How we assess the community’s needs

The first thing we look at is whether there will still be a participating bank or building society branch in that community or not. If there is a branch, we also look at what services it offers, ensuring that businesses and consumers can deposit and withdraw funds there. If there is a branch offering full-service provision, we will consider that to be sufficient and no further action will be taken.

Where this is not the case, we will review the community using a structured approach and set criteria to guide us.

Following this, we may decide that:

  • the community’s cash needs are already being met and no new services are needed; or
  • a new cash service is needed which could include a new free-to-use ATM, new deposit services, or a shared banking hub.

Step 1. We assess the size of the community

We assess the size of the community and look at how many people live there and how many shops there are. The bigger the community, the more likely it is to need cash access and deposit services. While every community is different, as a guide it will normally need to have a population of more than 7,000 people and more than 70 retailers within 1km of the centre that accept cash. We use an independent data source to ensure we use the most up-to-date information.

Step 2. We look at the detailed characteristics of the community

We look in detail at the various characteristics of the community to better understand its needs. This includes:

  • How close the nearest banking facilities are and how easy it is to travel there. We look at the time taken to get there on public transport using current timetables.
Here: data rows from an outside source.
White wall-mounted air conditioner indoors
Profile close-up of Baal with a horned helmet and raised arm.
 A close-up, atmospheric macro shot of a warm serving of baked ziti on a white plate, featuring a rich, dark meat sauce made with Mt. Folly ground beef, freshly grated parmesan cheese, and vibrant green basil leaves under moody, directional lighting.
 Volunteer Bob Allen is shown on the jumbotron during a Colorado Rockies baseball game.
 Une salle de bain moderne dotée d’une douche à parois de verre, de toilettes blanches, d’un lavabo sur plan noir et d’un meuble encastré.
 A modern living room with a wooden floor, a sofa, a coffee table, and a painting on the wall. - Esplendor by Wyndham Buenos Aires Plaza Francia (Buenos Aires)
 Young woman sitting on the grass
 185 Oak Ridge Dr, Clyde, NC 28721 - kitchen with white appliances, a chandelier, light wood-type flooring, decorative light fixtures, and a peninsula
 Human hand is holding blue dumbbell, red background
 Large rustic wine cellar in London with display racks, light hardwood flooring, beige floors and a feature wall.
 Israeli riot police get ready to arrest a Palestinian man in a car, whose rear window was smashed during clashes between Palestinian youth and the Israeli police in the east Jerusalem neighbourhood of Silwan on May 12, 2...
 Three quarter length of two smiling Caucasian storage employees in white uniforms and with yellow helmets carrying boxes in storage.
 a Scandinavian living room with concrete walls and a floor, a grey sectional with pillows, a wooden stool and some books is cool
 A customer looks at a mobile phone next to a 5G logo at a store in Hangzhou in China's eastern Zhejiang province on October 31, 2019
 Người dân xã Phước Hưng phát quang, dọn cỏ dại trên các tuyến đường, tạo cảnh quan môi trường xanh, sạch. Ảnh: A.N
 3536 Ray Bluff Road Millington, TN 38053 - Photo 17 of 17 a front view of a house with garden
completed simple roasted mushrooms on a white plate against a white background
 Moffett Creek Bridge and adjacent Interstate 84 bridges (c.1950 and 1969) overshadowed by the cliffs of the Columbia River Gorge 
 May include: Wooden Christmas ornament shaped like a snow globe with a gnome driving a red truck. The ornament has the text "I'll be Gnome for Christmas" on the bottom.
If the journey takes more than 15 minutes in each direction, involves changing bus or train, or is further than 5km as the crow flies, this indicates to us that new cash services might be needed.
  • The relative deprivation of the area. We measure levels of financial vulnerability and compare them with the national average using an independent and current Financial Vulnerability Index. This considers the financial situation of residents including their income, savings, and debts. A higher level of financial vulnerability indicates to us that new cash services might be needed.
  • How people locally use online tools including digital banking. We measure levels of digital vulnerability and compare them with the national average using an independent and current Digital Vulnerability Index. This considers the extent that residents use online shopping and banking and have access to a smartphone and broadband speed. A higher level of digital vulnerability indicates to us that new cash services might be needed.
  • How old people are locally. We measure the proportion of older people (over 65) in the community and compare this with the national average using the most recent census data available. A higher proportion of older people indicates to us that new cash services might be needed.

Where this data tells us that new cash services might be needed, we visit the community to undertake a detailed assessment in person.

Step 3.  We visit the community

Where there are indications that cash access might need to be improved, one of our team will visit the community on a typical weekday and check that all the assessment information such as public transport timetables are accurate. We will also look to see if there are other relevant physical factors such as steep hills or major roads which make it harder for people to access cash services. Where possible, we will speak with members of the community and local businesses to better understand how cash-dependent a community is and if there are cash-based events such as local markets that take place regularly. We will also look for signs that cash needs might change over time such as large numbers of new houses being built. Finally, we will look at the suitability of the local Post Office (opening times, proximity, and capacity) to understand how able it would be to provide cash access and deposits to people and businesses.

What happens if we recommend a new service?

Once LINK has recommended a new service, and any branch closures have been publicly announced by the banks, we will instruct Cash Access UK Ltd to deliver the new service.

Cash Access UK Ltd is the company responsible for delivering any service that LINK recommends, other than ATMs as these will be provided by companies that are part of the LINK network. Cash Access UK Ltd will work with the local community to find a suitable location and will provide an estimate of how long it will take for the service to be ready to use.